The major weakness of the build, however, is that it is a grapple. Freedom of Movement completely negates the trick entirely. Remaining out of reach for the duration of your monologue is another, using either flight or teleportation or some combination of the two. Illusions are another good way to fool a hulk into attacking the wrong monologue-spewing villain.

StreamOfTheSky
2012-06-22, 06:25 PM
Barbarian becomes large, becomes ineligible for the feat and so loses it, making her ineligible for the class, losing all the features. Temporarily, but still. Reaping Mauler has issues.

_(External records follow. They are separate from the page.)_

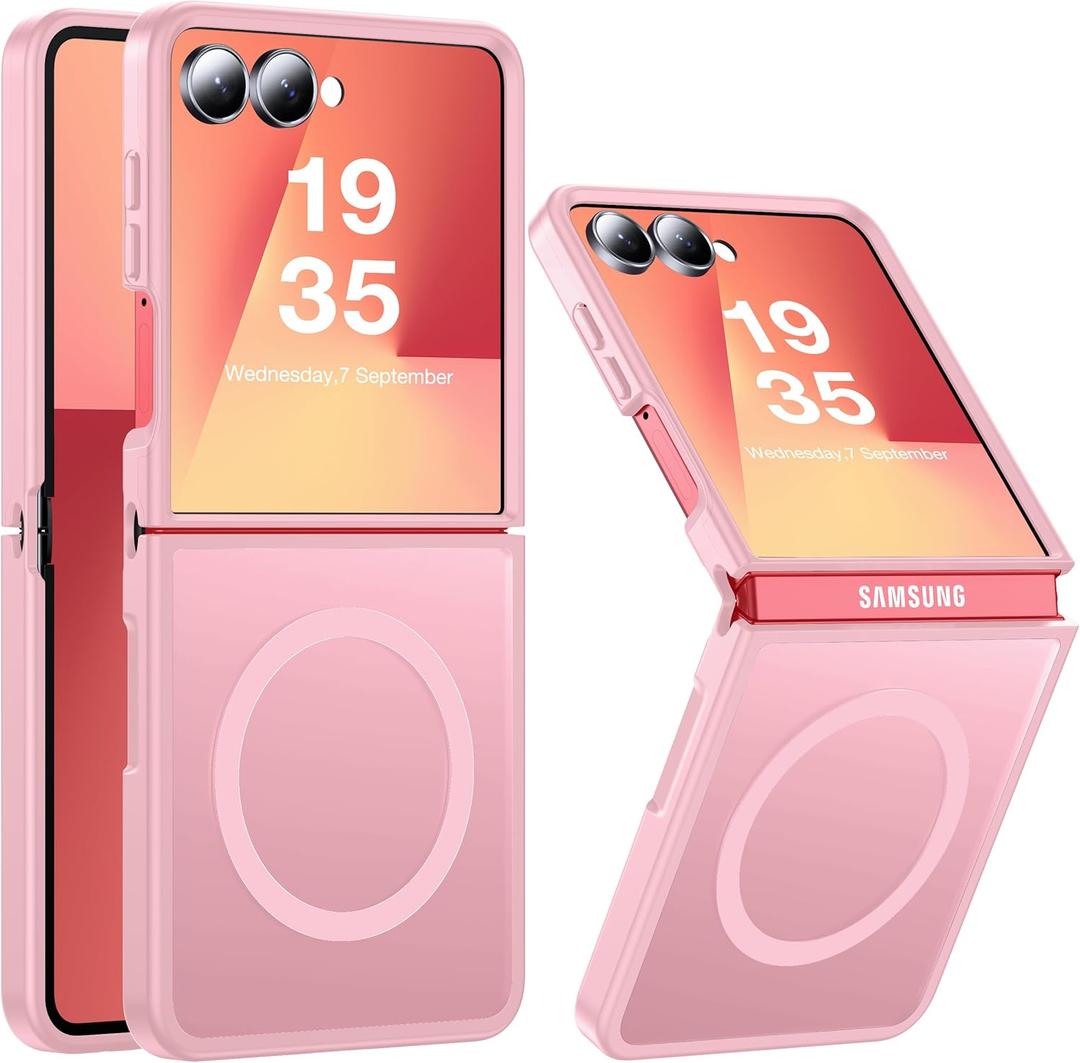 NO.1 Magnetic for Samsung Galaxy Z Flip 7 Case Compatible with MagSafe [Military Grade Drop Tested][Translucent Matte][Anti-Fingerprint] Soft Silicone Bumper for Samsung Flip 7 Case Slim, Pink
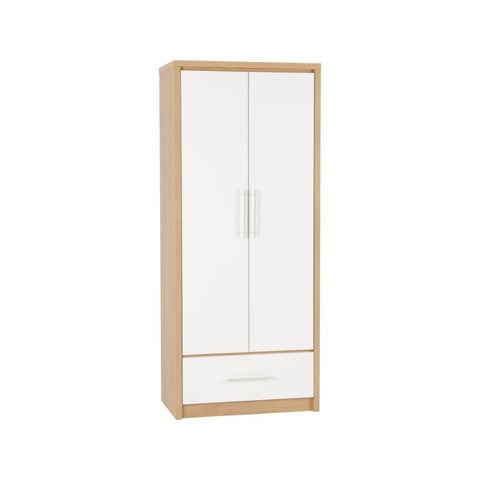 SECONIQUE, Seville, 2 Door, 1 Draw, White, Gloss, Light Oak, Wardrobe - yofurn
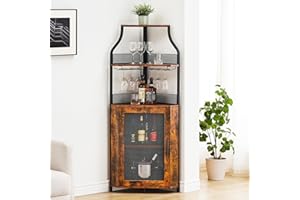 GarveeHome Corner Wine Cabinet with Detachable Wine Rack, 5-Tier Industrial Corner Bar Cabinet with Barn Door and Glass Holder, Farmhouse Buffet Cabinet and Home Bar, Rustic Brown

If after entering a prestige class, you no longer meet its initial pre-requisites (temporary or not), you do NOT lose your class features. IIRC, there are some PrC's that by their own class features, make you inelligibile for the PrC by the entry requirements, so such a ruling would make literally no sense at all.

Only feats have that sort of restriction, not class features.


All that said, Reaping Mauler sucks.

CTrees
2012-06-22, 06:48 PM
If after entering a prestige class, you no longer meet its initial pre-requisites (temporary or not), you do NOT lose your class features. IIRC, there are some PrC's that by their own class features, make you inelligibile for the PrC by the entry requirements, so such a ruling would make literally no sense at all.

Only feats have that sort of restriction, not class features.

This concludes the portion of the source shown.